Without including any image, retype the records word for word.

*-*-*

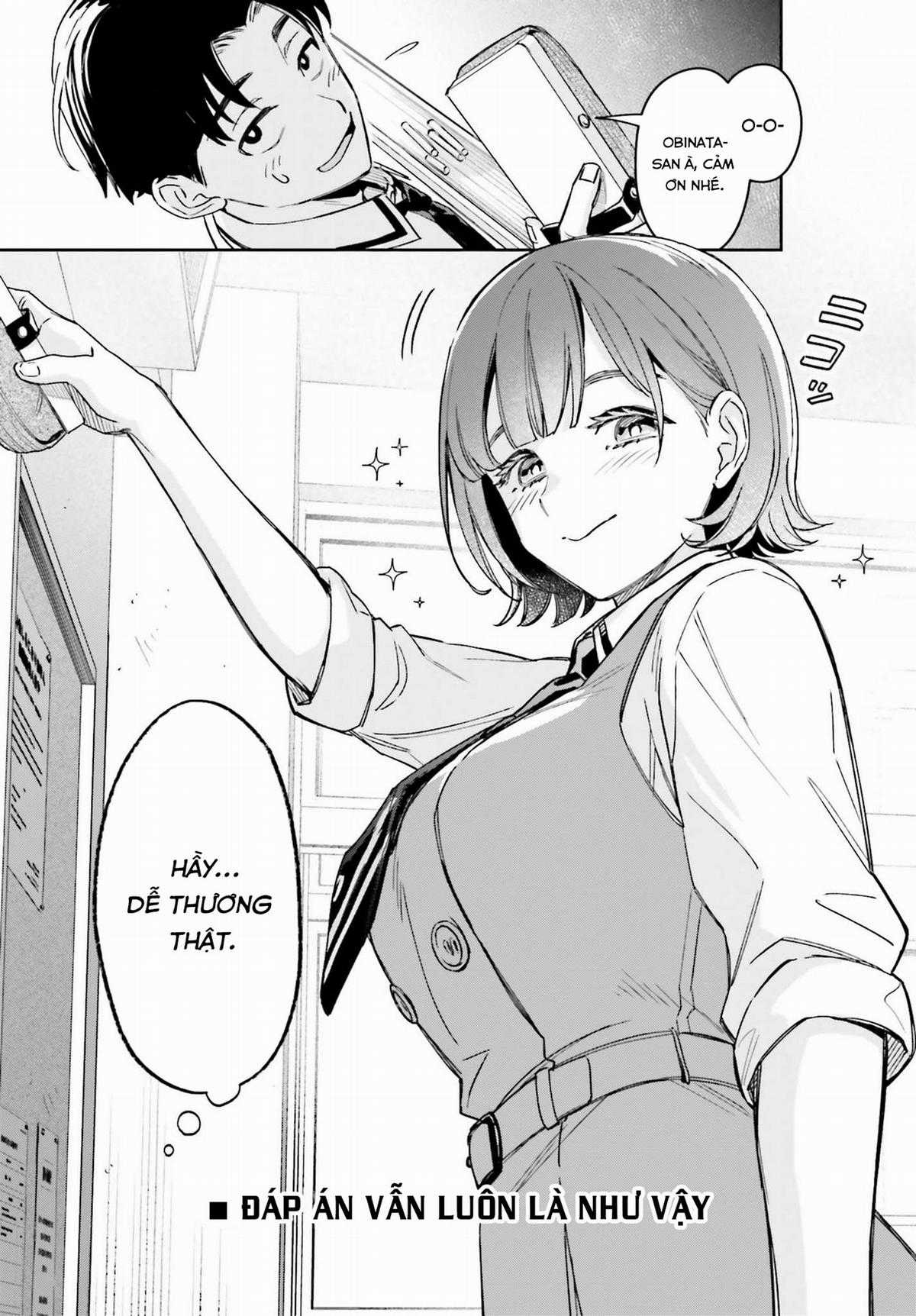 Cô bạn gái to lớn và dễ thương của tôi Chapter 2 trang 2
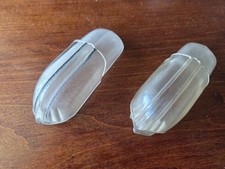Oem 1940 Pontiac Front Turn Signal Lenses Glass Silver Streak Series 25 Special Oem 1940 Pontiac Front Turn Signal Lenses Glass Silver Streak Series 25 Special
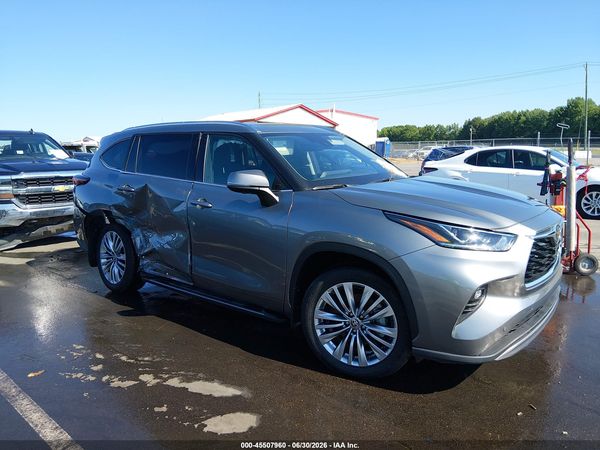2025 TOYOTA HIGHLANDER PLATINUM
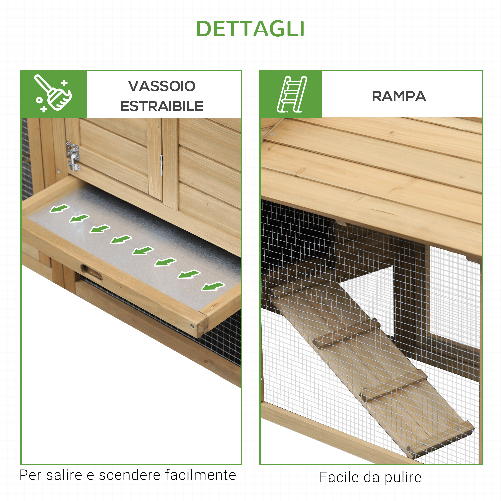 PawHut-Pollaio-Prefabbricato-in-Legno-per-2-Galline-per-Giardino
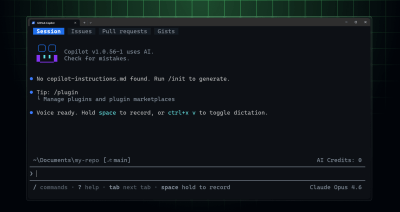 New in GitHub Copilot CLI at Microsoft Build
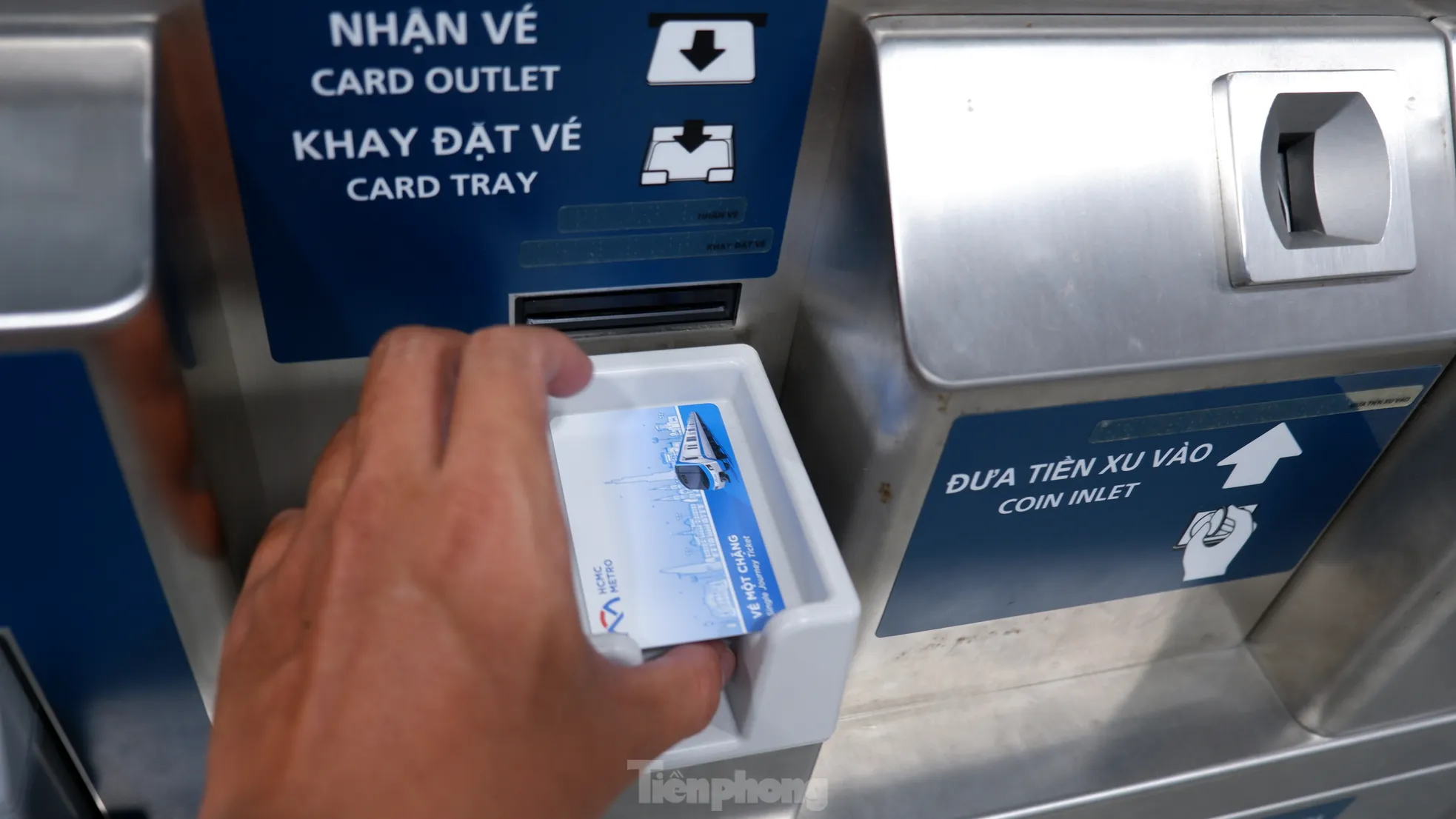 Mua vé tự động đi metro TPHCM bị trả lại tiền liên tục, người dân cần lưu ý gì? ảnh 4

*-*-*

--- ANSWER FOR THE TASK ---
 Cô bạn gái to lớn và dễ thương của tôi Chapter 2 trang 2
Oem 1940 Pontiac Front Turn Signal Lenses Glass Silver Streak Series 25 Special Oem 1940 Pontiac Front Turn Signal Lenses Glass Silver Streak Series 25 Special
2025 TOYOTA HIGHLANDER PLATINUM
 PawHut-Pollaio-Prefabbricato-in-Legno-per-2-Galline-per-Giardino
 New in GitHub Copilot CLI at Microsoft Build
 Mua vé tự động đi metro TPHCM bị trả lại tiền liên tục, người dân cần lưu ý gì? ảnh 4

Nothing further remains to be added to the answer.